PROBLEM DETAILS:
Return the data below exactly, but only from the line containing "鹿晗现身医院做康复治疗 巡演连轴转旧伤复发?" through the line containing "BOYU GIFTS sustainable", with both of those lines included.
[RECORDS SHOWN Boundary: Start]
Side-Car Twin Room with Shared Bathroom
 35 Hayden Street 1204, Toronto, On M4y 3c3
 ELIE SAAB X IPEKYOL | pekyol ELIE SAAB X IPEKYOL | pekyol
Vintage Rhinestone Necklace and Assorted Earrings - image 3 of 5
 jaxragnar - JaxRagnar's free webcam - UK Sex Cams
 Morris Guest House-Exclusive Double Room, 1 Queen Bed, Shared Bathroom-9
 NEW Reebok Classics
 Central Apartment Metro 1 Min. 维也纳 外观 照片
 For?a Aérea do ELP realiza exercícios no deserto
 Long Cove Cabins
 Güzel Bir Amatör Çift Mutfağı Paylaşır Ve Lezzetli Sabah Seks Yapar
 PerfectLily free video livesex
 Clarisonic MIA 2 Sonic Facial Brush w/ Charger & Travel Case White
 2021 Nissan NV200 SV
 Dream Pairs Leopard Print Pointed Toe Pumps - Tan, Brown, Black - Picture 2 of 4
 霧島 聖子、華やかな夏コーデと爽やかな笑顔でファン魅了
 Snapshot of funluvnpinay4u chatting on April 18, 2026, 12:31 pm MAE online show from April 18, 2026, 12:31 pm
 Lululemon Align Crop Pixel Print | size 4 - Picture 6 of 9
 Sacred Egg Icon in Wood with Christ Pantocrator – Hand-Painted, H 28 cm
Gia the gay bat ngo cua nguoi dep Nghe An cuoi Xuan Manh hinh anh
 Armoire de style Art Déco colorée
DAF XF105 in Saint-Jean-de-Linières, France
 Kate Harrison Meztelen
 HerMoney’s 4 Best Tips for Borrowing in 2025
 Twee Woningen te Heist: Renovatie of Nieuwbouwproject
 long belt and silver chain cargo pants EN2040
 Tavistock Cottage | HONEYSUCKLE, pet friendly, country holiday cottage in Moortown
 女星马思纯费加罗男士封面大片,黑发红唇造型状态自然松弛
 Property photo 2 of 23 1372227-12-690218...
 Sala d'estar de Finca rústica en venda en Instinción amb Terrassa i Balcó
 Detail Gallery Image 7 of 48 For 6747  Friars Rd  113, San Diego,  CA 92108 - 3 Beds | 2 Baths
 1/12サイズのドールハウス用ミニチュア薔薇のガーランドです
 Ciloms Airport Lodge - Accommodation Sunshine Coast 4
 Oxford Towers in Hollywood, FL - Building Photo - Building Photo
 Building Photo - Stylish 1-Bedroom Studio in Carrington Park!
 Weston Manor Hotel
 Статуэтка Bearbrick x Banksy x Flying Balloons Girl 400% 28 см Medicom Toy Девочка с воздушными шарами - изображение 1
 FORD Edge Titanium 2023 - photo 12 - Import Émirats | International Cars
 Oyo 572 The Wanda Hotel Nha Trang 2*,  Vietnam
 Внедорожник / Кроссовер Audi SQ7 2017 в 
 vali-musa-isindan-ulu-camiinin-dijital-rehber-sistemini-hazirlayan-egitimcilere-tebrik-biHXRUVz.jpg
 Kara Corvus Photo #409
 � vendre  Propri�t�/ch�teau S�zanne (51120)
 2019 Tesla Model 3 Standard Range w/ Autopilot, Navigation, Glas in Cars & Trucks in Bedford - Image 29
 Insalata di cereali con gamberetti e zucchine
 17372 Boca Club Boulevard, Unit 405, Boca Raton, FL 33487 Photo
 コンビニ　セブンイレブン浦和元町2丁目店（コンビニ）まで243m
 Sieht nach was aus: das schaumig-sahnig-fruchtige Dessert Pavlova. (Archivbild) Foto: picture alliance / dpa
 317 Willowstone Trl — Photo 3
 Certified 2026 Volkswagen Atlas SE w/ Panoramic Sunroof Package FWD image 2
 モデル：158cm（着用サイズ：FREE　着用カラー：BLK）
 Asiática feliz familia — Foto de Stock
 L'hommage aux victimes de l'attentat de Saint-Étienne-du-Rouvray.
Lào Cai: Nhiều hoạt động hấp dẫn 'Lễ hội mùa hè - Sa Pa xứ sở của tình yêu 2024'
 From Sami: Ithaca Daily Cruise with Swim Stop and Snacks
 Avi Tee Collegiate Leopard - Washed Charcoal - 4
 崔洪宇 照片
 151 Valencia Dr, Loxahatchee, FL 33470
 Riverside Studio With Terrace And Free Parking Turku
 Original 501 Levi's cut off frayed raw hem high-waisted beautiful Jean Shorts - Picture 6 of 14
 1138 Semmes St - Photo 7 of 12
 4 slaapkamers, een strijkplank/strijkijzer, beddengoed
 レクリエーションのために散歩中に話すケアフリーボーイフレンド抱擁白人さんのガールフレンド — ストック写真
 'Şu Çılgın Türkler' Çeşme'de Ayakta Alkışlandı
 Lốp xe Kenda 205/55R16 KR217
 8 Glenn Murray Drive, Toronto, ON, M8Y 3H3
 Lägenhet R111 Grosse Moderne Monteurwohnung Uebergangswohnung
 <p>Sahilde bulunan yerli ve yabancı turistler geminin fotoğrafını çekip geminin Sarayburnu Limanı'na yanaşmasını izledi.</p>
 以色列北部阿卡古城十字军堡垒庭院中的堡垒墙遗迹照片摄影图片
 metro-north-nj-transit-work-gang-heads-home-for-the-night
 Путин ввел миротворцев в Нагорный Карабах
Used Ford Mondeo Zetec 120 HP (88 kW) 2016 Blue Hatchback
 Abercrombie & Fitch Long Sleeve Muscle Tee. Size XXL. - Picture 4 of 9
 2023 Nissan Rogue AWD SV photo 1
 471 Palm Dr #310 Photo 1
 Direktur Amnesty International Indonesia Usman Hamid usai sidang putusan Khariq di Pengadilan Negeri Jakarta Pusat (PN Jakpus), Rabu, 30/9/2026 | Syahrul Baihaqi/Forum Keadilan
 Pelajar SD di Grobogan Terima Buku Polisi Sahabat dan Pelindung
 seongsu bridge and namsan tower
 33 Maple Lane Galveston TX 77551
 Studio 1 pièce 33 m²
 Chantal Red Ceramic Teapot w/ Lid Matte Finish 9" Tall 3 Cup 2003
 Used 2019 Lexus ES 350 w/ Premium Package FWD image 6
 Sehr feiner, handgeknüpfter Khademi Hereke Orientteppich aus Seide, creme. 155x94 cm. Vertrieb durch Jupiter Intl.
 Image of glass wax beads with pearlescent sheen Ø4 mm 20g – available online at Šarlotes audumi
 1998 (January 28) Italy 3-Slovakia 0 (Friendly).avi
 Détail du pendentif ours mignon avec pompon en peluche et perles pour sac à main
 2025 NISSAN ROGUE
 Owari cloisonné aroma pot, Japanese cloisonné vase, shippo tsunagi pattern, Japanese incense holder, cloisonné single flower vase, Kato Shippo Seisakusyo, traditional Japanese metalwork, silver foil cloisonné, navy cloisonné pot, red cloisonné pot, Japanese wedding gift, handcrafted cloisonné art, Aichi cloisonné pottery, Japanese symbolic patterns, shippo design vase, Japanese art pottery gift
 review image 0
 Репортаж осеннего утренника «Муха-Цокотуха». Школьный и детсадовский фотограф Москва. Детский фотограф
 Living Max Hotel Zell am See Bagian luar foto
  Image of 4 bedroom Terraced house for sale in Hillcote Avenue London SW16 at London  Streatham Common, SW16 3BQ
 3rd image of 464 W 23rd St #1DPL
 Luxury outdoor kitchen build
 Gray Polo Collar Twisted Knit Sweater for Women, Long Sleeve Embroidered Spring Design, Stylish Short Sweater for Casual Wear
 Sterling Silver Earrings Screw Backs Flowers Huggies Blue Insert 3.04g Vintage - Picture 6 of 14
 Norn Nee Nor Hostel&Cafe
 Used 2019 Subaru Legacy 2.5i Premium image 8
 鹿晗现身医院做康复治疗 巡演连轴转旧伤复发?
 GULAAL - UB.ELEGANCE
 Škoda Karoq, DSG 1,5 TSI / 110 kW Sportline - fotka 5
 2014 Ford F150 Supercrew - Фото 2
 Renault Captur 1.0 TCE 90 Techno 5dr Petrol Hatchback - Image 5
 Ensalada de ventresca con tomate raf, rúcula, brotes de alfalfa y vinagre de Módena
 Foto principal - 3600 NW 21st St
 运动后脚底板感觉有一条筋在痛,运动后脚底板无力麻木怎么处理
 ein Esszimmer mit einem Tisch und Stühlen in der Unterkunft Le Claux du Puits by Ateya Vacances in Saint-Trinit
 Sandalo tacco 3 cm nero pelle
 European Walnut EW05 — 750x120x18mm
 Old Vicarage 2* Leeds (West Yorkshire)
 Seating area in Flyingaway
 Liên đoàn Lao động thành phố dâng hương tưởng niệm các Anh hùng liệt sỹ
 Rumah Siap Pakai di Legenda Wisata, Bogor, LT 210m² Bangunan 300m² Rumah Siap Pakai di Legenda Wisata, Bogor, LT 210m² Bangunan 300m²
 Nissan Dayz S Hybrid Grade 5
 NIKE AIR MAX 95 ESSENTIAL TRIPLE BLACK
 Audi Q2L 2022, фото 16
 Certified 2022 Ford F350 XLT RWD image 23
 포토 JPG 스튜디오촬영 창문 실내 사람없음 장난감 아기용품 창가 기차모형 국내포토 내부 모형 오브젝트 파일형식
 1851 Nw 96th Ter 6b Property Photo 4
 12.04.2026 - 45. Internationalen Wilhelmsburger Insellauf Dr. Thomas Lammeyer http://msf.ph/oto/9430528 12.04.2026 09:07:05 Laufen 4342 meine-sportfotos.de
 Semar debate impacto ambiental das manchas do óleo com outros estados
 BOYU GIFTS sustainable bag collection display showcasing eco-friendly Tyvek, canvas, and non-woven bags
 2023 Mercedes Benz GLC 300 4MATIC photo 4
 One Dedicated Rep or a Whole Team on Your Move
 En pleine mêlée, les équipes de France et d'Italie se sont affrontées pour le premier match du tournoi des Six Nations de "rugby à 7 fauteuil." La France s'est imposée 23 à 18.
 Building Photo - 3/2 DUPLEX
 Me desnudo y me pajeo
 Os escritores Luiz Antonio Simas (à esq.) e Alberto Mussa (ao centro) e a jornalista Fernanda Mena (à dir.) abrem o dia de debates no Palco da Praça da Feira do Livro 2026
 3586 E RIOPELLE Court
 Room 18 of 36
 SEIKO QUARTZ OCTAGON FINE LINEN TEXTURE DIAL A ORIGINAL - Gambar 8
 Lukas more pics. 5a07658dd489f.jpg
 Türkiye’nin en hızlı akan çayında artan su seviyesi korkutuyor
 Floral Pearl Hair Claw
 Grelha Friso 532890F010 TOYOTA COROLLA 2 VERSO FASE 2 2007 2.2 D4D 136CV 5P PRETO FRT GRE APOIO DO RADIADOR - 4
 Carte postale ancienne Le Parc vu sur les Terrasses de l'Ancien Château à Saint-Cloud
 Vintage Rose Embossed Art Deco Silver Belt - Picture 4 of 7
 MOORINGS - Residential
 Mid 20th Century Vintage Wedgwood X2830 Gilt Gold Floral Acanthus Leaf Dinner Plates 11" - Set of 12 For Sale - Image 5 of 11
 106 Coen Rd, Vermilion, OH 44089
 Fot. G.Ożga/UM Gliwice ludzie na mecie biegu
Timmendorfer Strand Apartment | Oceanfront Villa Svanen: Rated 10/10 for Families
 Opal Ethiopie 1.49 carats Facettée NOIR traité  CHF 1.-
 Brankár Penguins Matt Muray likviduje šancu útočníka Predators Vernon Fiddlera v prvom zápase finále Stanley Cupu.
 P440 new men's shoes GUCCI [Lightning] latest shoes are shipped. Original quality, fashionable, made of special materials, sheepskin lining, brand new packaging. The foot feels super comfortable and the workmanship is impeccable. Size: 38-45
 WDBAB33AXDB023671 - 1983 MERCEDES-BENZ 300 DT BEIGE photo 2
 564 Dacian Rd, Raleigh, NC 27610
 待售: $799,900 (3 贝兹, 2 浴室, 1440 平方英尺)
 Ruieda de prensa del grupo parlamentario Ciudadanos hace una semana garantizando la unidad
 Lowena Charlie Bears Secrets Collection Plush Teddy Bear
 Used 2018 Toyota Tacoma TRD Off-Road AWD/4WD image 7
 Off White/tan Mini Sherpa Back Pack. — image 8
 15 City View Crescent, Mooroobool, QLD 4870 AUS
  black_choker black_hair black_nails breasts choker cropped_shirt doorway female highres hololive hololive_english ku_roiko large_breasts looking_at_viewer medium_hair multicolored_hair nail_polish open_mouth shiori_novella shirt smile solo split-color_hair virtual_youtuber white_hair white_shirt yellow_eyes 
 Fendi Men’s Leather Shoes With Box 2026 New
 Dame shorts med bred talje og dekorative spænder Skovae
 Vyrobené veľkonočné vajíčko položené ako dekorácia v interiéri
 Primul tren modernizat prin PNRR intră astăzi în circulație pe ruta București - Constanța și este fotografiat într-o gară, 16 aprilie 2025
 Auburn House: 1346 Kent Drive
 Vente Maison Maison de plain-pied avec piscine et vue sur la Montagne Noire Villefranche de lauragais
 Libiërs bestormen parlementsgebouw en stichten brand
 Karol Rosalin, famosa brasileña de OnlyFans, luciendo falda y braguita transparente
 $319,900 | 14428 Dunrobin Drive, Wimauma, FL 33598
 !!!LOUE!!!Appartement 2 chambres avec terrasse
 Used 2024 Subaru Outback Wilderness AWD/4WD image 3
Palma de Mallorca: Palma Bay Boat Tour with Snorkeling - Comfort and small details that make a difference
[RECORDS SHOWN Boundary: End]
REPLY TO THE EXERCISE:
 鹿晗现身医院做康复治疗 巡演连轴转旧伤复发?
 GULAAL - UB.ELEGANCE
 Škoda Karoq, DSG 1,5 TSI / 110 kW Sportline - fotka 5
 2014 Ford F150 Supercrew - Фото 2
 Renault Captur 1.0 TCE 90 Techno 5dr Petrol Hatchback - Image 5
 Ensalada de ventresca con tomate raf, rúcula, brotes de alfalfa y vinagre de Módena
 Foto principal - 3600 NW 21st St
 运动后脚底板感觉有一条筋在痛,运动后脚底板无力麻木怎么处理
 ein Esszimmer mit einem Tisch und Stühlen in der Unterkunft Le Claux du Puits by Ateya Vacances in Saint-Trinit
 Sandalo tacco 3 cm nero pelle
 European Walnut EW05 — 750x120x18mm
 Old Vicarage 2* Leeds (West Yorkshire)
 Seating area in Flyingaway
 Liên đoàn Lao động thành phố dâng hương tưởng niệm các Anh hùng liệt sỹ
 Rumah Siap Pakai di Legenda Wisata, Bogor, LT 210m² Bangunan 300m² Rumah Siap Pakai di Legenda Wisata, Bogor, LT 210m² Bangunan 300m²
 Nissan Dayz S Hybrid Grade 5
 NIKE AIR MAX 95 ESSENTIAL TRIPLE BLACK
 Audi Q2L 2022, фото 16
 Certified 2022 Ford F350 XLT RWD image 23
 포토 JPG 스튜디오촬영 창문 실내 사람없음 장난감 아기용품 창가 기차모형 국내포토 내부 모형 오브젝트 파일형식
 1851 Nw 96th Ter 6b Property Photo 4
 12.04.2026 - 45. Internationalen Wilhelmsburger Insellauf Dr. Thomas Lammeyer http://msf.ph/oto/9430528 12.04.2026 09:07:05 Laufen 4342 meine-sportfotos.de
 Semar debate impacto ambiental das manchas do óleo com outros estados
 BOYU GIFTS sustainable bag collection display showcasing eco-friendly Tyvek, canvas, and non-woven bags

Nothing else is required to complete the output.